The story is over before it begins – it is painfully predictable, and much of the action offers around 90 minutes of filler before it reaches the end point that the audience had worked out fifteen minutes in. There is little in the way of surprise. There are attempts to thrill and amaze with visual effects but with painful green screen and aforementioned dated effects, this is a movie that smacks of a production that has had more money pumped into it than heart or purpose. It is a very poor execution of what could have been a great idea that is painted over with lashes of expensive imagery and glamour that give it a rather tacky execution, and one that feels poorly handled. It is certainly a case of all style, no substance. All the while, it is a movie that seems exceptionally pleased with itself, not once showing any kind of awareness or genre creativity. It is as by-the-numbers as you can get – if Warcraft received flack for its characterisation problems and style over substance execution (much of which I believe was somewhat unfounded), Gods needs to receive ten times as much. This is a movie that is, sadly, instantly forgettable – and for a supposed epic dealing with duelling Gods, grand battles and voyages into the lore of Ancient Egypt, it is stunning that it achieves such a nadir. Ray Harryhausen handled ancient mythology far better decades ago, and at a fraction of the budget thrown at Gods.
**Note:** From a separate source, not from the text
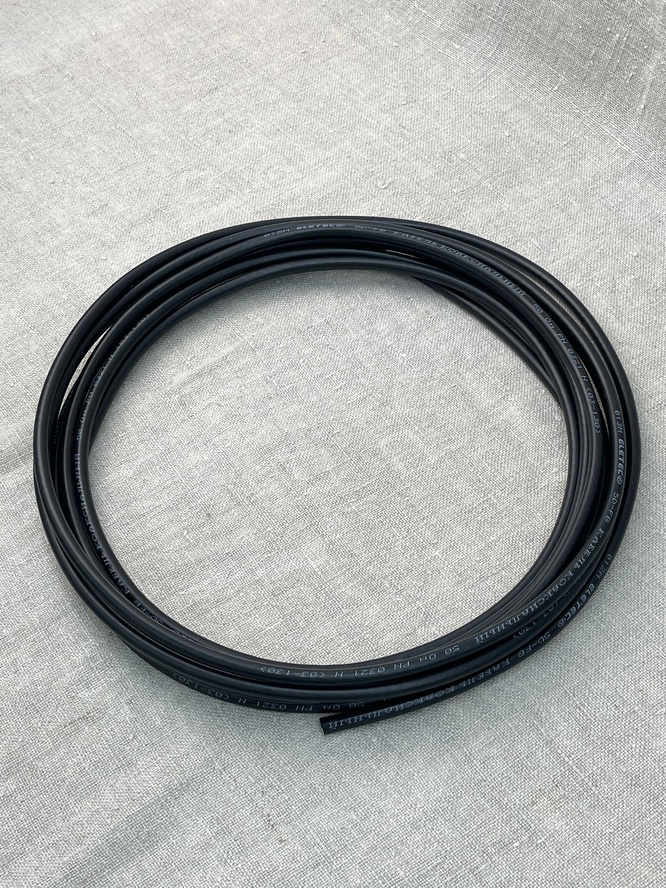 Коаксиальный черный кабель 5D-FB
Gods of Egypt came under fire upon its initial release in the US due to the majority white casting of a movie set in ancient Africa – and it is a movie that has barely recouped $2 million over its expansive $140 million budget, making it a relative box office whimper despite having garnered a profit. Even despite such press, Gods is an incredible achievement in that it is consistently dull, tackily presented, predictably written, awkwardly delivered and overly long – and while there were clearly good intentions in its design, and pacing could have been further neglected, this is simply not enough to allow it to become more than simply one of the worst movies that 2016 will have to offer. At even halfway through the year, I am confident that this will be the case. Many detractors are calling the movie ‘so bad, it’s good’ – but take it from me, it really isn’t.